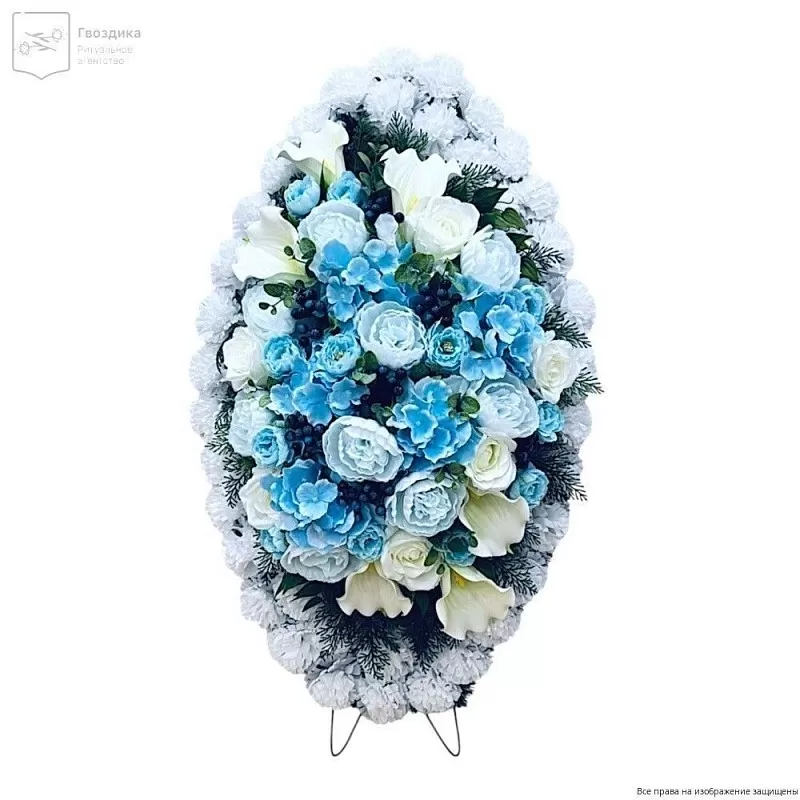 Венок средний Р10533 бело-голубой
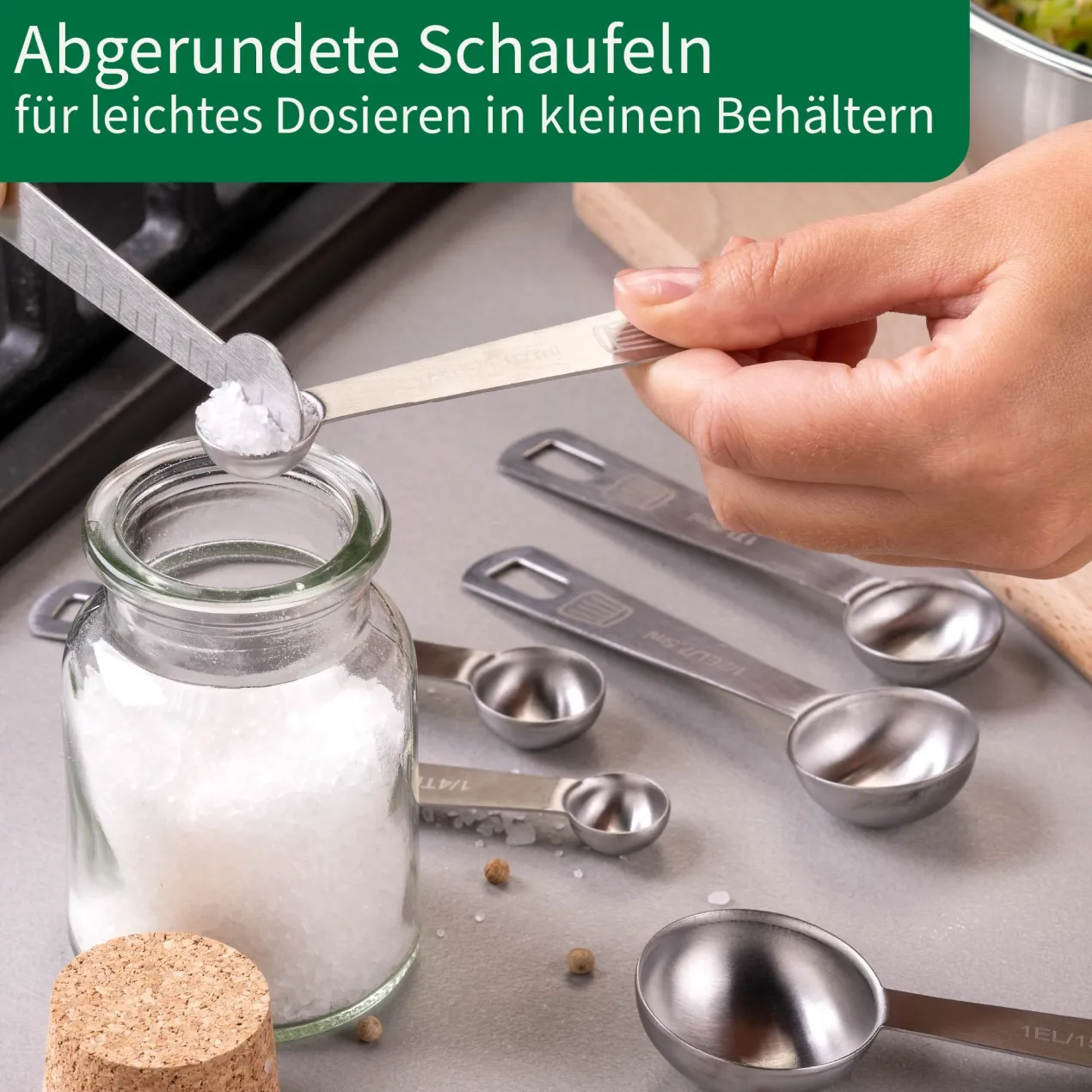 Messlöffelset, Edelstahl, 7-teilig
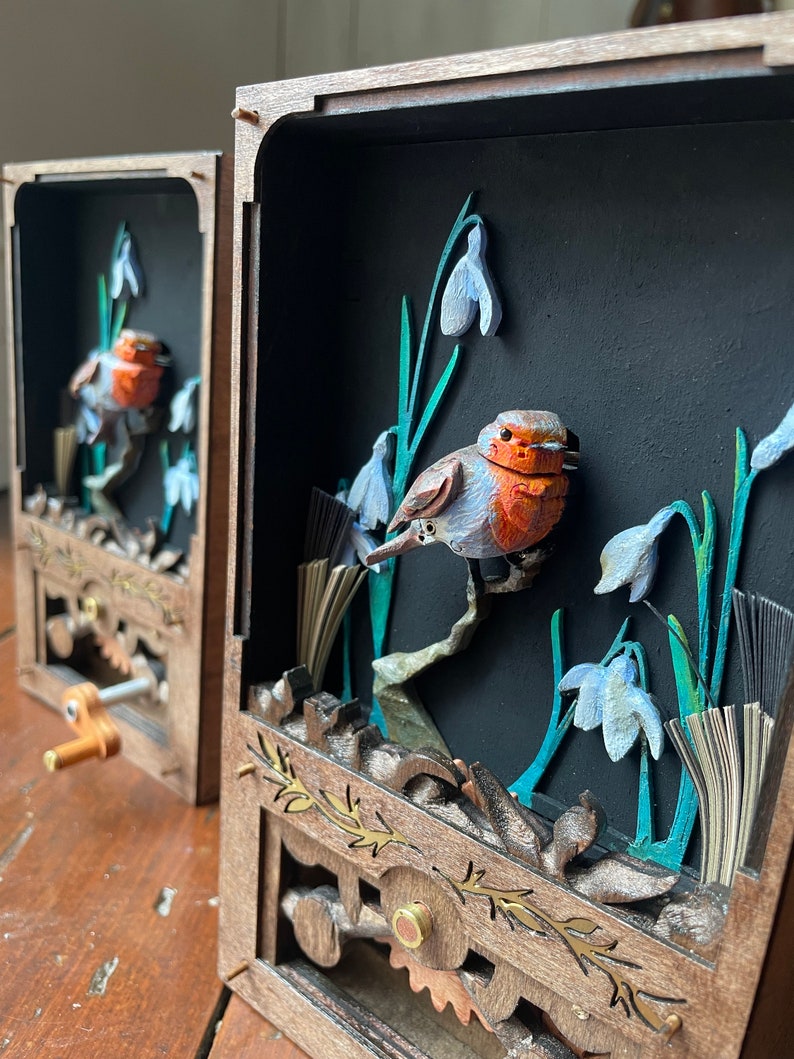 Miniature Robin Automaton. Oil painted mechanical bird, kinetic hand carved sculpture. image 5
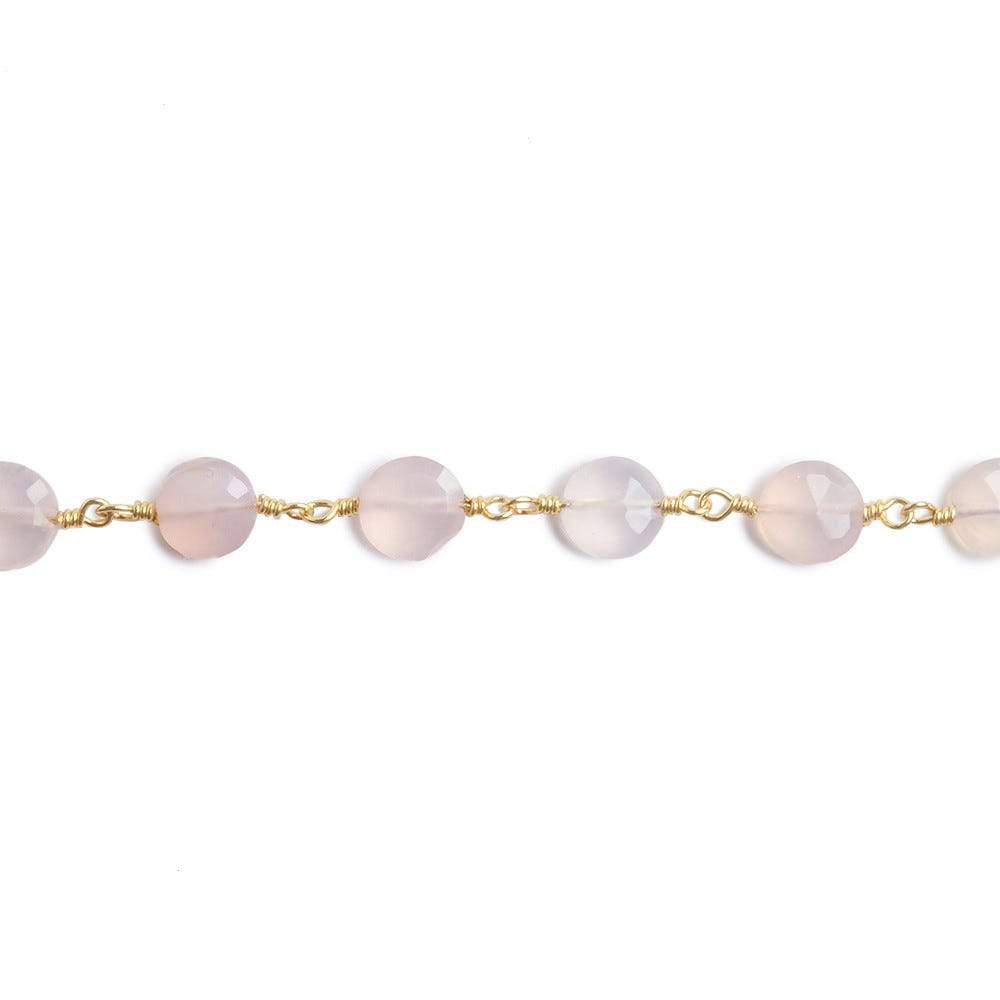 6mm Rose Chalcedony faceted coin Gold plated Chain by the foot 25 pieces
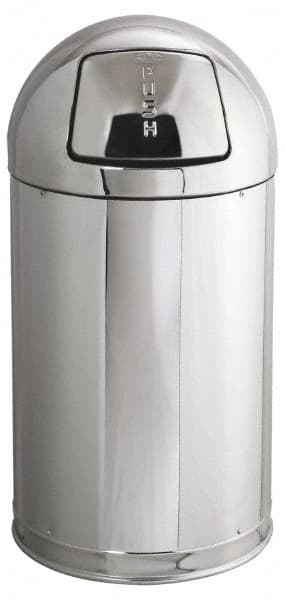 Rubbermaid - 12 Gal Round Trash Can - 30 Inch High, 15 Inch Diameter, Chrome, Steel, Dome Top Style, Includes Lid - Exact Tooling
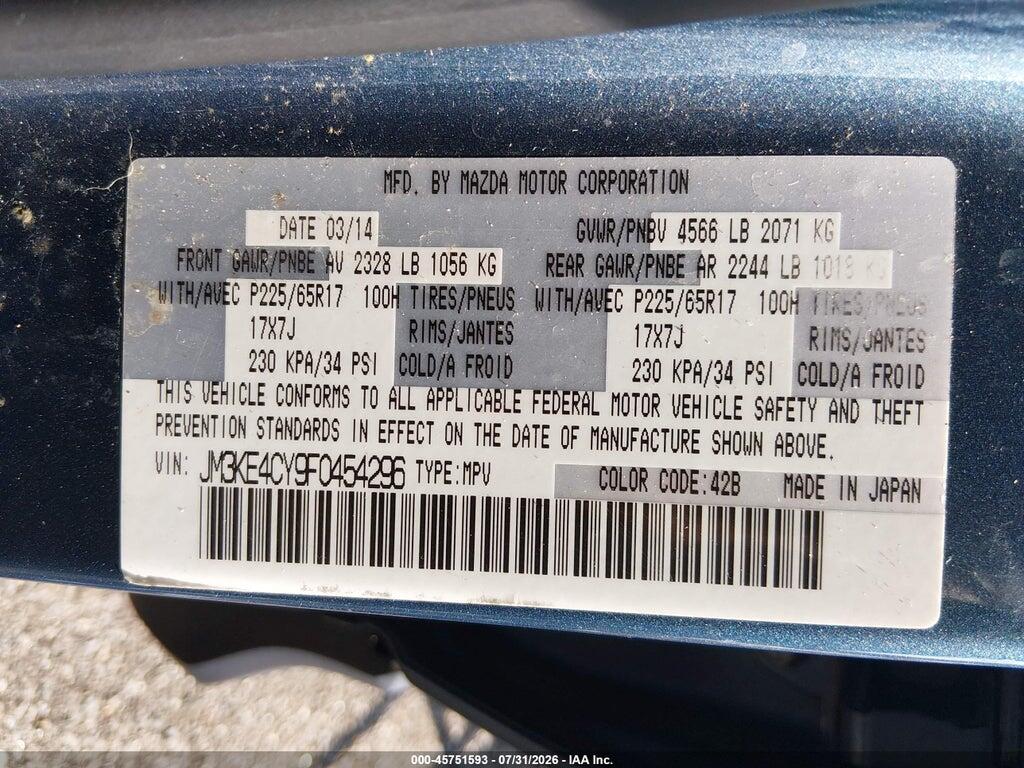 JM3KE4CY9F0454296 2015 MAZDA CX-5 photo no. 9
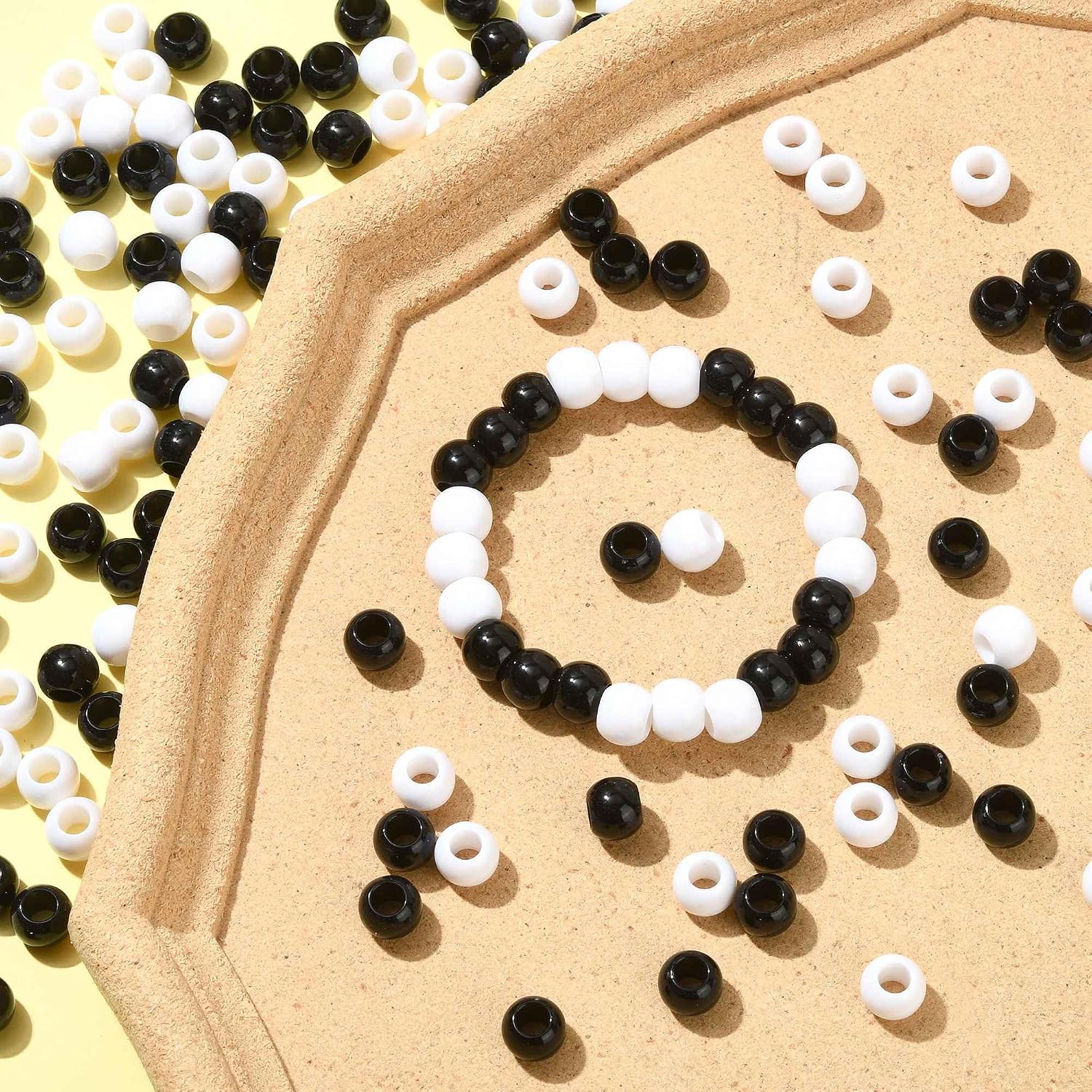 180Pcs European Large Hole Beads Cute Opaque Acrylic Spacer Beads 2 Colors for DIY Jewelry Necklace Bracelet Making Party Decoration Craft Supplies Gift image 3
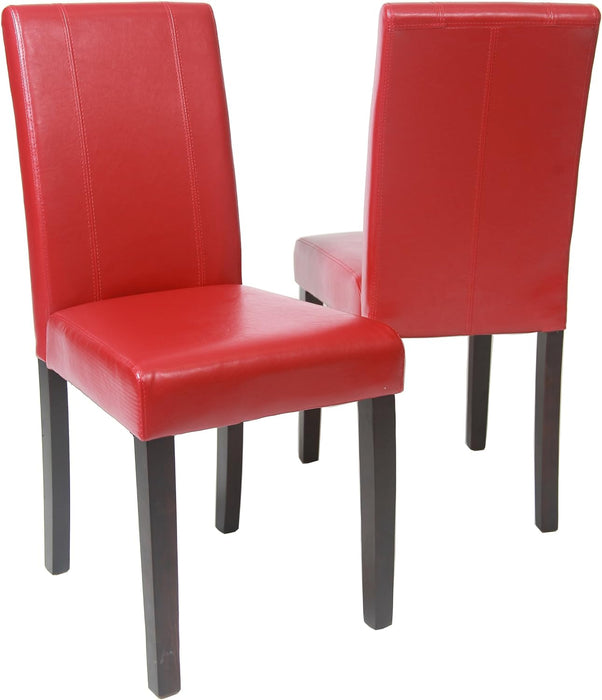 Urban Style Solid Wood Leatherette Padded Parson Chair, Red, Set of 2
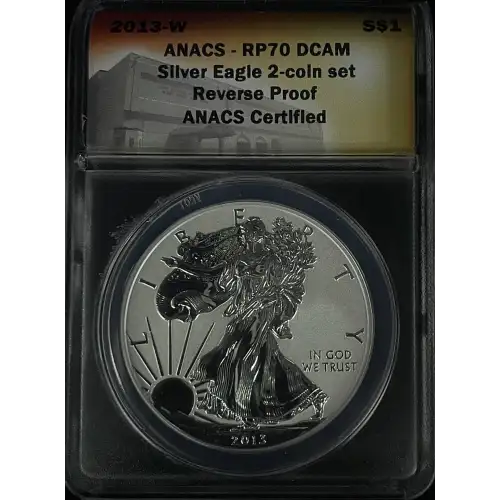 2013 1oz American Eagle West Point Two Coin Silver Set ANACS EU70 & RP70 (D-14) (3)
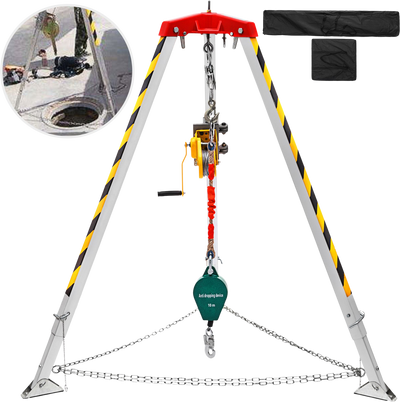 Vevor Confined Space Tripod Kit 1200 Lbs Winch Manual Handle 7' Adjustable Legs 98' Cable 32.8' Fall Protection New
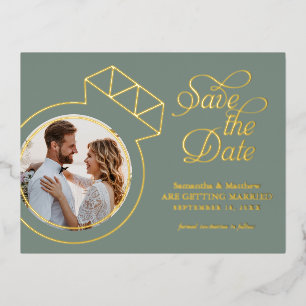 Sage Green Wedding Save the Date Foto Folie Einladungspostkarte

· · · · ·

#### [EXERCISE AIM]
Give back every record above exactly as written, skipping each picture.

#### [OUTPUT OF THE TASK]
 Венок средний Р10533 бело-голубой
 Messlöffelset, Edelstahl, 7-teilig
 Miniature Robin Automaton. Oil painted mechanical bird, kinetic hand carved sculpture. image 5
 6mm Rose Chalcedony faceted coin Gold plated Chain by the foot 25 pieces
 Rubbermaid - 12 Gal Round Trash Can - 30 Inch High, 15 Inch Diameter, Chrome, Steel, Dome Top Style, Includes Lid - Exact Tooling
 JM3KE4CY9F0454296 2015 MAZDA CX-5 photo no. 9
 180Pcs European Large Hole Beads Cute Opaque Acrylic Spacer Beads 2 Colors for DIY Jewelry Necklace Bracelet Making Party Decoration Craft Supplies Gift image 3
 Urban Style Solid Wood Leatherette Padded Parson Chair, Red, Set of 2
 2013 1oz American Eagle West Point Two Coin Silver Set ANACS EU70 & RP70 (D-14) (3)
 Vevor Confined Space Tripod Kit 1200 Lbs Winch Manual Handle 7' Adjustable Legs 98' Cable 32.8' Fall Protection New
 Sage Green Wedding Save the Date Foto Folie Einladungspostkarte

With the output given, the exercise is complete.